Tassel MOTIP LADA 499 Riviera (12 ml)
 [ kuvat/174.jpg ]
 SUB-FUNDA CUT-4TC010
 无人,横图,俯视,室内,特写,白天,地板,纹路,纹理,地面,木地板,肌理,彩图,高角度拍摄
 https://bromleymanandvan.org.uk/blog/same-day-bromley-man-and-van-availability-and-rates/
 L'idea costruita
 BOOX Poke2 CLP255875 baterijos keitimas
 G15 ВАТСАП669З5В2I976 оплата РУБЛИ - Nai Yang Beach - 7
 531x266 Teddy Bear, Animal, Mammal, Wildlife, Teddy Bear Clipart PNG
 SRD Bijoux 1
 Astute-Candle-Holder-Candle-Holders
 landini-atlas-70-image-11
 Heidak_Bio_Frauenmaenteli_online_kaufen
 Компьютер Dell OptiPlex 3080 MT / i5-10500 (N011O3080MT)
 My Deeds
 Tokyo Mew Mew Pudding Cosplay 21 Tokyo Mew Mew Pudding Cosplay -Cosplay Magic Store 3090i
-*-
- [Assignment] Copy the entries word for word. Leave nothing out.

- [Completed exercise]
Tassel MOTIP LADA 499 Riviera (12 ml)
 [ kuvat/174.jpg ]
 SUB-FUNDA CUT-4TC010
 无人,横图,俯视,室内,特写,白天,地板,纹路,纹理,地面,木地板,肌理,彩图,高角度拍摄
 https://bromleymanandvan.org.uk/blog/same-day-bromley-man-and-van-availability-and-rates/
 L'idea costruita
 BOOX Poke2 CLP255875 baterijos keitimas
 G15 ВАТСАП669З5В2I976 оплата РУБЛИ - Nai Yang Beach - 7
 531x266 Teddy Bear, Animal, Mammal, Wildlife, Teddy Bear Clipart PNG
 SRD Bijoux 1
 Astute-Candle-Holder-Candle-Holders
 landini-atlas-70-image-11
 Heidak_Bio_Frauenmaenteli_online_kaufen
 Компьютер Dell OptiPlex 3080 MT / i5-10500 (N011O3080MT)
 My Deeds
 Tokyo Mew Mew Pudding Cosplay 21 Tokyo Mew Mew Pudding Cosplay -Cosplay Magic Store 3090i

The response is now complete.